Для русской поэзии вопрос этот – об истине – существовал тоже, существовал всегда. Но он не имел в ней позднеримского, насмешливо-cкептического оттенка. У Блока, например, все обращено к тому, чтобы неуловимую эту «истину» уловить и из поэзии сделать важнейшее человеческое дело, привести ее к великому торжеству: к тому, что символисты называли «преображением мира». Да, слово призрачно, оно больше обещает, чем способно дать, и я не уверен, что «преображение мира» вообще что-либо значит. Но при зыбкости цели показательно было стремление: не загонять поэзию в тупик «снов золотых», бесконтрольно и беспрепятственно «навеваемых», не искать для нее развода с жизнью после не совсем благополучного брака, а доделать то, чего сделать не удалось, без отступничества и уж конечно без сладковатого хлороформа. Это корень и сущность всего. Разум, конечно, ограничен, конечно, беден, но как же им пренебречь, раз это все-таки одно из важнейших наших орудий, да еще в важнейшем деле, требующем всех сил? Да и что это за поэзия, которая опасается, как бы что-нибудь, Боже упаси, не повредило ее поэтичности! Все, что в поэзии может быть уничтожено, должно быть уничтожено: ценно лишь то, что уцелеет. Мечта?

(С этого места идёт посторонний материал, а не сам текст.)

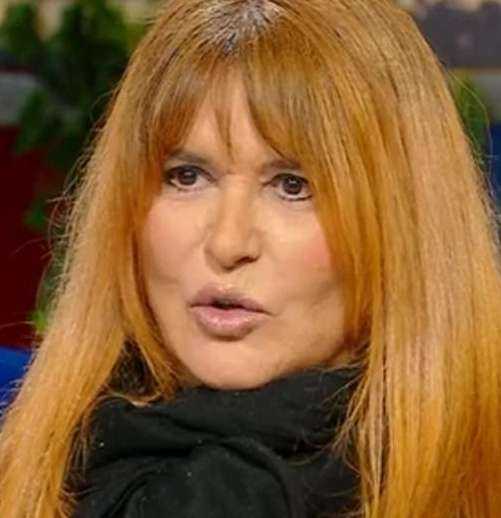Daniela Rosati l'ex volto della tv oggi Ã¨ una suora laica ho fatto voto di castitÃ 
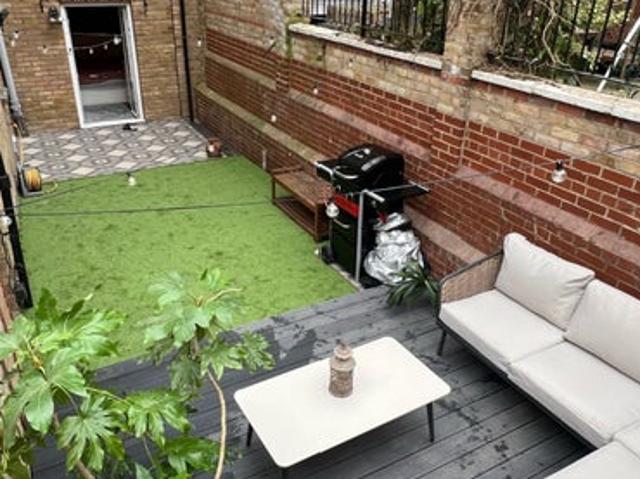 Apartment for rent in Brownswood Park, Stoke Newington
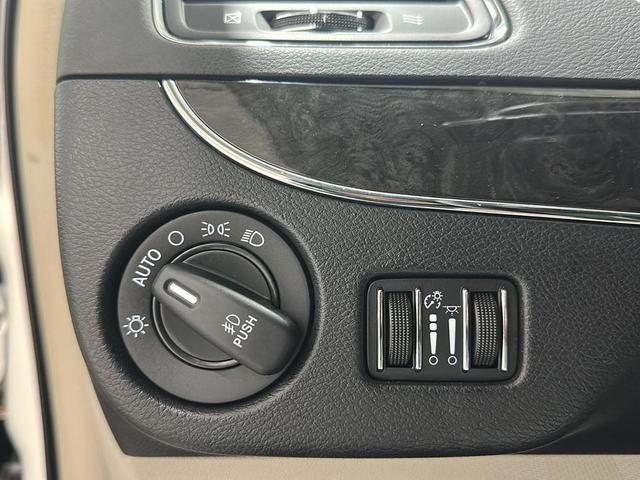 Photo of 2013 Stone White Clearcoat Chrysler Town & Country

Но Блок не хотел мечтать, он занят был делом, которое не казалось ему априори безнадежным. Он не бывал темен искусственно, умышленно, по примеру Малларме. Он бывал темен лишь тогда, когда не в силах был перевести на внятный язык то, что хотел бы внятно сказать, и когда будто бился головой о стену своего «несказанного»… А мы, с акмеизмом и цехом в багаже, мы все-таки чувствовали, что не Гумилев – наш учитель и вожатый, а он. Гумилев, чрезвычайно любивший все французское, вероятно, пошел бы на разрыв поэзии с логической последовательностью речи: в самом деле, новый литературный прием, новые, в сущности беспредельные, горизонты – отчего же не попробовать? Он вел свою родословную от Теофиля Готье, но и Готье, живи он в наше время, оказался бы, вероятно, в отношении его веяний покладист: вопрос школы, вкусов, литературной моды, ничего общего не имеющий с тем, что оказалось бы препятствием для Блока.

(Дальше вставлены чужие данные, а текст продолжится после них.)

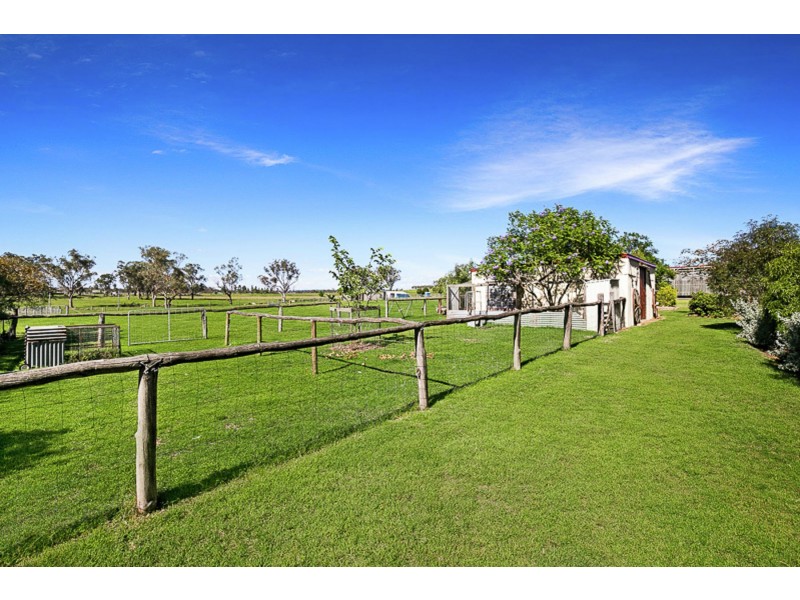 21 Colemans Road, Goombungee QLD 4354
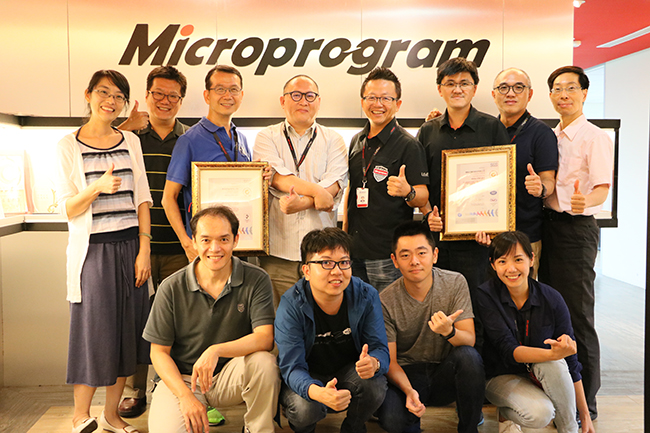 微程式總經理吳騰彥(上排左五)與資安推動團隊合照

Кстати, о Блоке… У нас вовсе не было беспрекословного перед ним преклонения, наоборот, была – и до сих пор остается – критика, было даже отталкивание, однако исключительно в области стилистики, вообще в области ремесла, и главным образом при мысли о той «воде», которой разжижены многие блоковские стихи. Но если ценить в поэзии напев, ритм, интонацию, то по этой части во всей русской литературе соперника у Блока нет. Критиковать можно было сколько угодно, но критика становилась смешна и смердяковски-низменна, едва только в ответ ей звучали отдельные, «за сердце хватающие» блоковские строчки. У Цветаевой это чувство чудесно выражено в том чудесном ее, обращенном к Блоку, бормотании, где «во имя его святое» она «опускается на колени в снег» и «целует вечерний снег», не зная в душевном смятении, что делать и что сказать.